Un béguin de la Septième



On était alors en 7è Spéciale.


Je n'ai jamais oublié ce prénommé TH (ou H tout court), le maigrichon assis vers le fond de ma classe.

Aux grands yeux ronds, comme dans mes souvenirs. Un peu timide. Avec un léger sourire aux lèvres. Toujours vêtu d'un short. À son grand désavantage d'ailleurs, car froissé la plupart du temps, raccourci à cause des plis, remontant et dévoilant ainsi ses maigres jambes.


Il était la bête noire de Mme Fredon, notre maîtresse. Souvent envoyé chez le Surveillant Général avec un Billet de mécontentement au lieu de satisfaction.


J'étais déjà une mauvaise élève en classe. Mais lui : Pire que moi encore !!!


Un jour, ma mère m'a emmenée à Xóm Mới, près de la gare routière, celle des autocars. Et qui ai-je vu là ? Mon camarade de classe en personne. Ma mère et la sienne étaient copines. Voilà la surprise !


Obéissant aux ordres de sa mère, il a été chercher quelques biscuits pour l'invitée. A son retour, il m'a tendu sans un mot un petit sac. C'était curieux : On se voyait tous les jours à l'école, mais ma timidité m'a empêchée de me servir librement des friandises offertes et de bavarder un peu. Mon hôte, guère mieux, muet lui aussi : il était le petit maître des lieux pourtant.


A chacune de ses régulières convocations chez le Surveillant, je me retournais pour le regarder.

Mes yeux fixés sur les siens, son bref regard en échange alors, avant de baisser sa tête.

Témoignage d'amitié et de pitié sans doute à son égard ou envie de partager cette sévère punition de Mme Fredon avec lui.


Un jour, ma copine MC m'a appris qu'elle a reçu un cadeau de TH : un album de timbres.

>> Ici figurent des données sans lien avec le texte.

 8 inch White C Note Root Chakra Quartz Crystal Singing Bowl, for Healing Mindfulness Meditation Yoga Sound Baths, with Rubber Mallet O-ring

Elle me l'a montré et j'ai eu le plaisir d'admirer la collection de plus près, feuilletant chaque page, très impressionnée par la générosité du garçon et par son culot en même temps.

Après les cours, je le retrouvais chez ma copine, au salon.

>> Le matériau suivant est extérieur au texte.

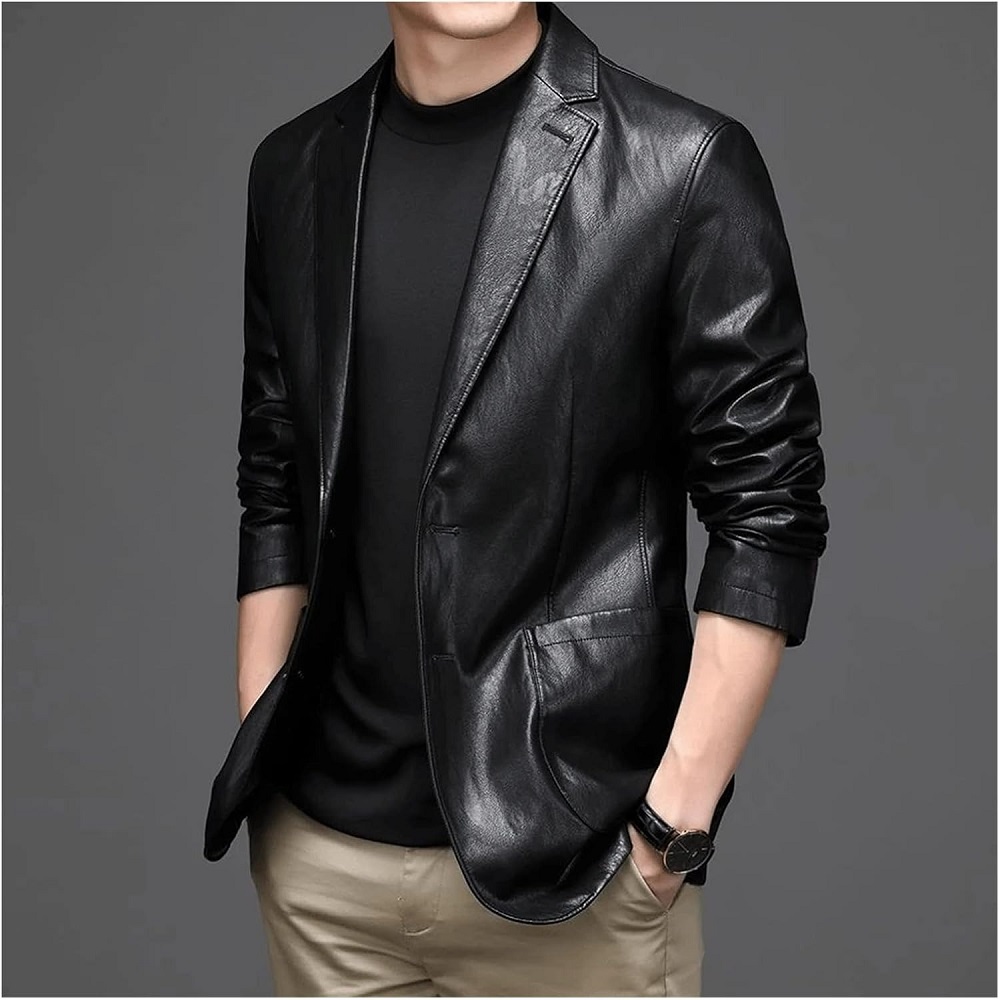black leather blazer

Fou amoureux d'elle et ça se voyait sur son visage.


En classe, il recevait toujours des avertissements pour mauvaise tenue de cahiers, écriture en pattes de mouche (viết như gà bới) abhorrée par Mme Fredon, d'où pages déchirées, à tout recopier avec plus de soin.


Pauvre garçon qui s'imaginait avoir une chance, lui, le dernier de la classe avec MC, une des meilleures élèves. En plus, une fille toujours bien habillée. D'une élégance et d'un chic incomparable, par rapport à lui, si ringard avec des culottes trop courtes pour ses jambes.


Il me rappelait TA, une grande fille aux longues jambes, tout aussi maigre. Une redoublante qui avait de bonnes notes.


Ce n'est que plus tard que j'ai appris par MC qu'à cause de son assiduité auprès d'elle que son père a refusé tout cadeau de sa part.


Dans ma tête, en toute innocence, j'ai pensé que si l'Autre ne voulait pas de son album de timbres, il ne saurait quoi faire avec. Et vu nos intimes rapports familiaux, je me considérais plus proche de lui que MC.

Devant ma demande si directe, cet imbécile m'a toisée sans dire un seul mot.

Cette expression si étrange alors : Il devait se dire "Mais à quoi tu penses, ma fille ! Pourquoi devrais-je te l'offrir quand c'était destiné à la fille dont j'étais amoureux !!!

Pour me l'avoir réclamé sans vergogne de cette façon, elle devait avoir un sentiment quelconque pour moi !"


Voilà donc l'histoire de la fameuse collection de timbres de DTH.


Il faut reconnaître qu'il avait bon goût en choisissant la fille la plus chic comme l'élue de son coeur : MC, son béguin pendant l'année scolaire de 7è Spéciale.